Helps users avoid overfitting and select an appropriate level of regularization via cross-validation.

Implementation Details

It uses cross-validation for lambda selection.

Testing

I would appreciate guidance on best practices for testing strategies in TMLE.jl.
Are there recommended datasets or paradigms in the test/ folder I should follow?
What are the edge cases or parameterizations I should cover?
Should I benchmark against existing strategies, and if so, with which datasets?

Open Questions

I currently get UndefVarError: TMLE not defined in Main when I try to run the singular lasso_strategy script, just to check if everything is imported or written well. What's the natural way to import or use the package to test the code I write?
I'm not sure if I succeeded in making the current constructor/API for LassoCTMLE idiomatic for TMLE.jl?

Next Steps

Integrate feedback from Olivier.
Add more tests and documentation as needed.

Thank you for reviewing.

Asantewaah · 2025-06-19T12:47:12Z

@olivierlabayle While I was trying to revert the changes vscode did to the 56 files, I think I ended up deleting the first draft pull request since at that point my branch looked identical to the main branch so I started a new draft pull request for us to communicate and I would figure out not to let those changes happen again.

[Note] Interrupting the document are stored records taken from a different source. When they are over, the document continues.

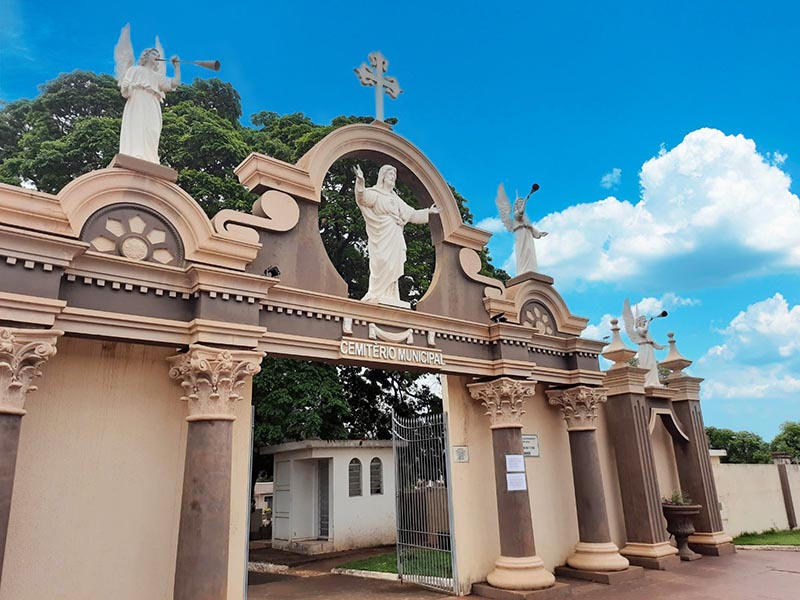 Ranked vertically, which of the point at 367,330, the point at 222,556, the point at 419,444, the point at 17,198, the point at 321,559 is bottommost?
the point at 321,559

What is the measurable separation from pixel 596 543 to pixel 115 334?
27.1 ft

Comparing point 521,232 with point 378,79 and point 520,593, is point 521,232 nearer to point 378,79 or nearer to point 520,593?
point 378,79

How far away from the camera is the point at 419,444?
955cm

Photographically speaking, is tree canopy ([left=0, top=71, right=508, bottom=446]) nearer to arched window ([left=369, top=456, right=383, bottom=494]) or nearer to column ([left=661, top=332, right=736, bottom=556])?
arched window ([left=369, top=456, right=383, bottom=494])

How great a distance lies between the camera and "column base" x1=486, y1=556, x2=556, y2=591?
26.6 feet

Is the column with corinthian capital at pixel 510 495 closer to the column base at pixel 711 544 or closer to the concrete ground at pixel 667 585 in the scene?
the concrete ground at pixel 667 585

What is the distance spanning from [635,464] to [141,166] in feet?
32.2

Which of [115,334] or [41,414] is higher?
[115,334]

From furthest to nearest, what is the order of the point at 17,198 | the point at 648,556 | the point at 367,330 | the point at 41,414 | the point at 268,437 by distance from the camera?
the point at 268,437 < the point at 648,556 < the point at 367,330 < the point at 41,414 < the point at 17,198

olivierlabayle · 2025-06-19T14:31:45Z

No problem! Do you have an test idea? That is, a simulation setting in which you expect this Lasso-CTMLE to perform better than the canonical one?

Asantewaah · 2025-06-19T14:48:40Z

No problem! Do you have an test idea? That is, a simulation setting in which you expect this Lasso-CTMLE to perform better than the canonical one?

Yes, I actually have a setup I have been using ever since I started building the estimator; it's basically a simulation using the Toeplitz function so we can adjust or vary the correlation parameter. From my tests, the higher the correlation, rho, between the selection covariates, the better C-TMLE performs compared to TMLE. I will add the Julia converted code to the test/lasso_strategy.jl. Still going through how to actually test anything new I add to the package.

olivierlabayle · 2025-06-19T14:58:29Z

In order. to test you simply use the estimator on your generated dataset, for the structure of the file, you can basically look at any other test file, for instance this is an easy one to read: https://github.com/TARGENE/TMLE.jl/blob/main/test/counterfactual_mean_based/non_regression_test.jl

Asantewaah · 2025-07-02T11:14:58Z

Hi @olivierlabayle ,

I tried to mirror the syntax used in non_regression_test.jl for my LassoCTMLE test, as suggested. However, I keep getting this recurring error:

ERROR: UndefVarError: `LassoCTMLE` not defined in `Main`

I also tried calling the other strategies you created for the template much earlier (AdaptiveCorrelationStrategy, GreedyStrategy), and they’re giving the same error, even though they are exported and their files are included in TMLE.jl.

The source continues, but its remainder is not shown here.